Some retrospective studies suggest that perioperative blood transfusion impairs survival in breast cancer patients.[53] Although other retrospective studies have not confirmed the association between transfusion and prognosis,[54] limiting the transfusion of blood to breast cancer patients whenever medically feasible seems prudent. A modified radical mastectomy rarely requires blood transfusion if performed by an experienced surgeon, even when combined with submuscular insertion of an implant to restore breast contour. When breast contour following modified radical mastectomy is to be restored using a tissue flap, the need for blood transfusions should be anticipated. Provision for autologous blood transfusions in that setting is recommended.

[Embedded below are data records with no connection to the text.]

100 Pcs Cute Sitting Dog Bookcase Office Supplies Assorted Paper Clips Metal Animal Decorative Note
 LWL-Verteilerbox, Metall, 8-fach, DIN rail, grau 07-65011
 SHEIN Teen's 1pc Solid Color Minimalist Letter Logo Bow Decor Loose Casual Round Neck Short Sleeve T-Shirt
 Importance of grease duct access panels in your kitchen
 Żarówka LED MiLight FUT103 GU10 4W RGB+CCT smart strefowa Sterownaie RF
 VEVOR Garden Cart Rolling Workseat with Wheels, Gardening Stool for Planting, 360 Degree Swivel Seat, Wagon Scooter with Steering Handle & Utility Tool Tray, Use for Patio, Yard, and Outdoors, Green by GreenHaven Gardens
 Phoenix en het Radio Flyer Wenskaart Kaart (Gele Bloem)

Even when standard therapy is effective, patients with breast cancer are appropriately considered as candidates for clinical trials designed to improve therapeutic results and decrease the morbidity of treatment. There is convincing evidence from randomized trials that periodic follow-up with bone scans, liver sonography, chest x-rays, and blood tests of liver function do not improve survival or quality of life when compared to routine physical examinations.[55,56] Even when these tests permit earlier detection of recurrent disease, patient survival is unaffected.[56] Based on these data, some investigators feel acceptable follow-up for asymptomatic patients after completion of their treatment of stages I-III breast cancer can be limited to physical examination along with annual mammography. In patients treated with lumpectomy and radiation, the detection of in-breast recurrence by physical examination and/or mammography can lead to curative mastectomy. In one series of 30 patients who failed locally after lumpectomy plus radiation therapy and who underwent salvage mastectomy, no distant recurrences were seen later than 6 years after initial local failure, and the disease-free survival following salvage mastectomy was 58% at 5 years and 50% at 10 years.[57-61] The intensity of follow-up and the appropriateness of screening tests after the completion of primary treatment of stages I-III breast cancer remain controversial.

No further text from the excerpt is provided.